Arto Paasilinna, el gran escritor finlandés, entre sus muchos textos, tiene el libro “Delicioso suicidio en grupo”. Dos hombres se encuentran en un puente a punto de suicidarse. Por motivos de amabilidad se ceden el derecho a saltar. “Primero usted, yo lo sigo”, se dicen varias veces y entonces caen en la cuenta de que puede ser más divertido un suicidio en grupo.
Este libro, claramente humorístico, nos lleva a hablar de aspectos importantes para explicar la muerte autocausada; suponiendo que tenga explicación (que sin duda tendrá repercusiones en el más allá, según la religión, el estado civil y las pensiones alimentarias que deja pendientes el muerto. Quizás éstas últimas nos den una pista de la causa del suicidio). En esta peculiar comedia se forma un grupo amplio de suicidas; esto nos lleva a conocer los motivos de algunos para hacerlo. Unos sufren por aspectos sexuales; otros por aspectos materiales; otros por sus relaciones de pareja. Y también tiene que ver el Estado con toda esta situación de angustia colectiva. En alguna parte Paasilinna dice que el estado finlandés está contribuyendo a mantener el alcoholismo y el abotargamiento de los cuadros medios y superiores de las empresas. El resultado registral de las reuniones de suicidas para organizar la muerte colectiva es un portafolios repleto de fotocopias que nadie abre ni piensa abrir. Una cosa es decir que me quiero morir y otra jalar el gatillo. De suicida parlachín, mucho; de suicida real y efectivo, realmente ninguno, al menos en la novela.

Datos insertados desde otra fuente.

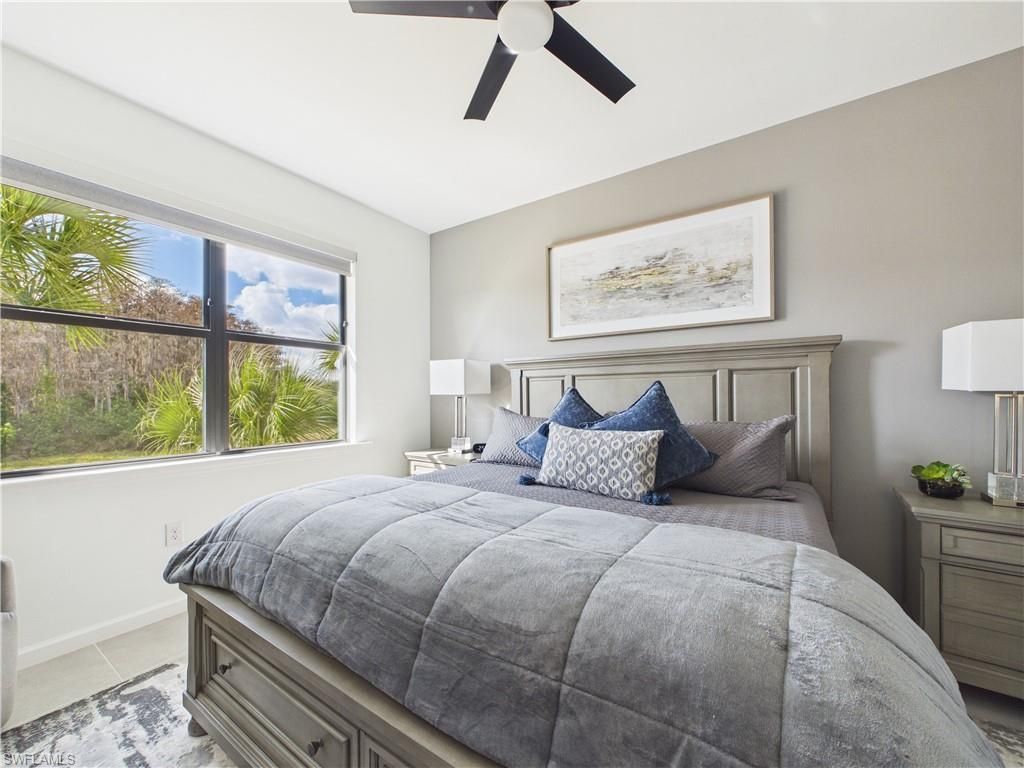 5683 Mayflower Way , Unit 908, Ave Maria, FL 34142 Photo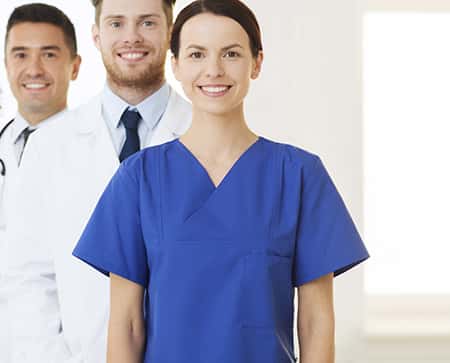 imeMedico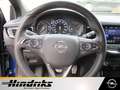 Opel Astra K Sports Tourer Ultimate Start Stop 1.5 D EU6d LED Blau - thumbnail 10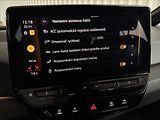 Volkswagen ID.3 150kW PRO PERFORMANCE - náhled 23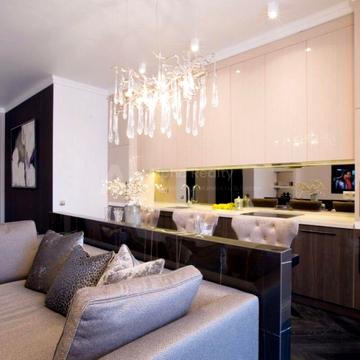 Лесі Українки бульв., 7-В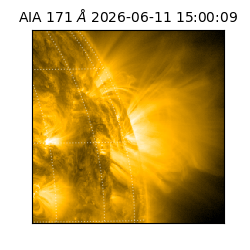 saia - 2026-06-11T15:00:09.348000
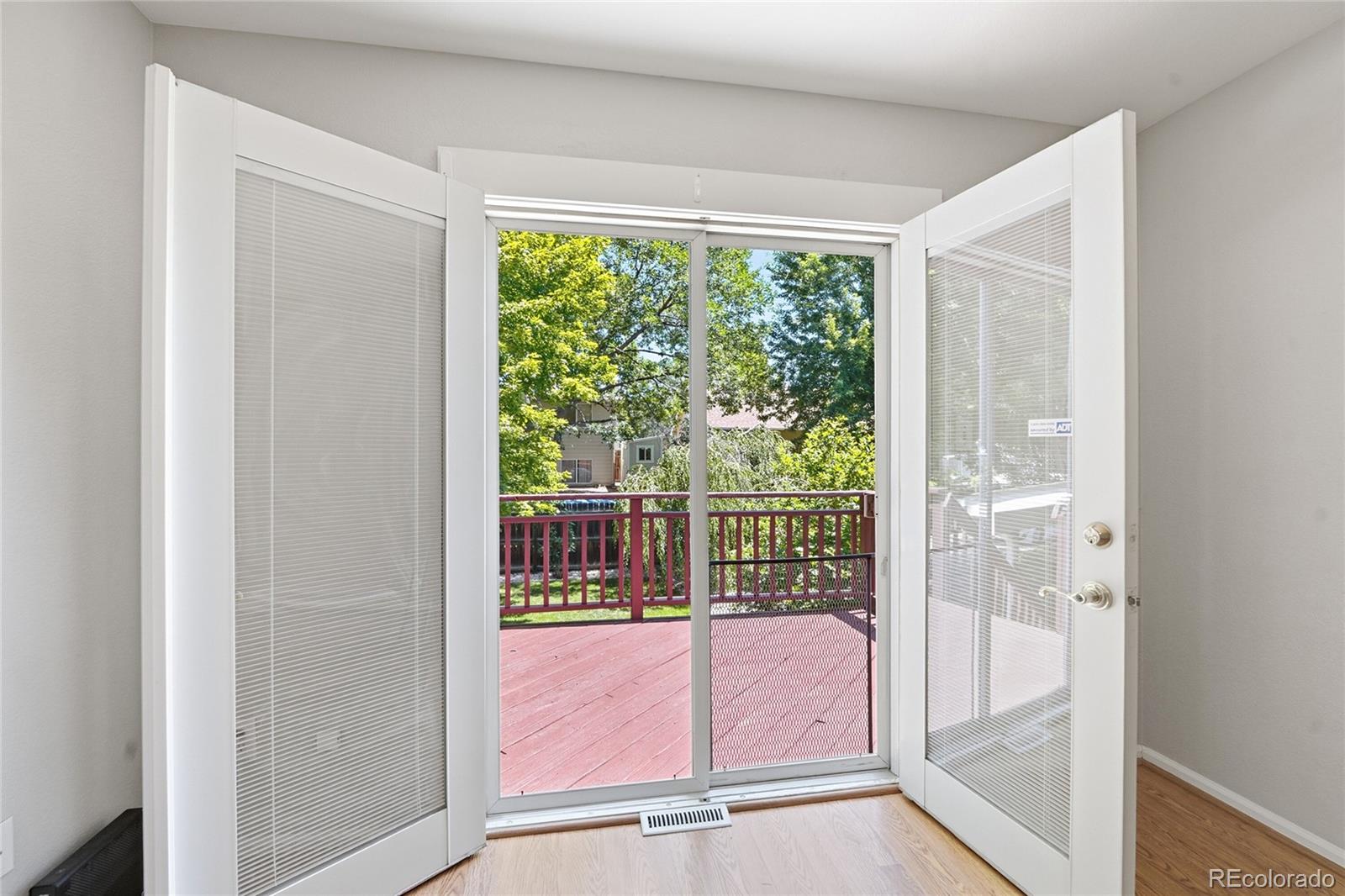 MLS Image #23 for 312 s 31st avenue,brighton, Colorado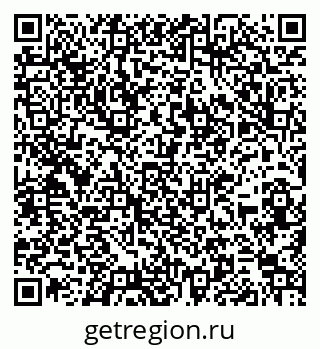 79266999625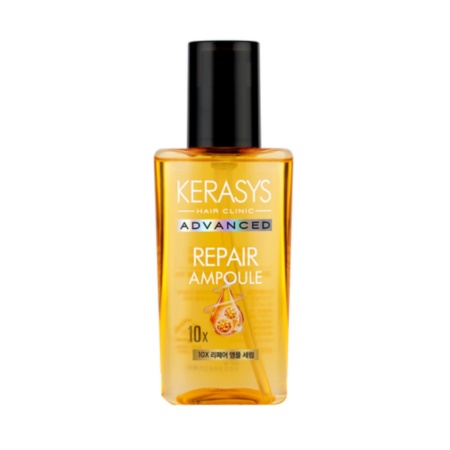 SERUM KERASYS REPAIR 80 ML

La participación del Estado en lograr condiciones favorables para el libre desarrollo de la personalidad puede llevar a situaciones inadecuadas: si el estado actúa parcialmente y sólo favorece a un sector puede orillar a los componentes de otro a que traten de emular a los generales de la antigüedad que preferían partir al inframundo antes que entregar su tesorito y su honra a los invasores sedientos de carne humana masculina. Claro, suponiendo que la muerte organizada en grupo sea posible en la forma planteada por el autor. Más de uno suponemos que, si de verdad el mundo se va a acabar, las parrandas orgiásticas serían apenas el punto inicial del largo adiós, dirían los noir. Este peculiar grupo de suicidas decide robar un camión para darse muerte de la manera más espectacular que pudiera haber en Finlandia, aprovechando sus montañas y sus paisajes impresionantes para arrojarse al abismo. En el inter puede suceder todo, como bien suponemos en México, donde las deudas bancarias, hacendarias, familiares y hasta estudiantiles nos han vuelto expertos en inventar el hilo negro para no pagar las deudas con el más que clásico refrán: "debo, no niego; pago, no tengo". Al integrarse al suicidio colectivo, hay quien llena las tarjetas de crédito, sabiendo que no las pagará; otros comen desaforadamente sabiendo que ya no importa conservar la dieta ni la figura; algunos se permiten tener una vida sexual apremiante ante el inminente suicidio. Más vale partir descremado que intacto. Por supuesto, en el largo trayecto de los excesos, muchos deciden no morir. Si literariamente los extremos se tocan, el exceso pensado como pase a lo mortuorio fácilmente puede ser un llamado a la vida; o quizás es necesario llegar al último momento, cuando la muerte parece inevitable, para apreciar la vida.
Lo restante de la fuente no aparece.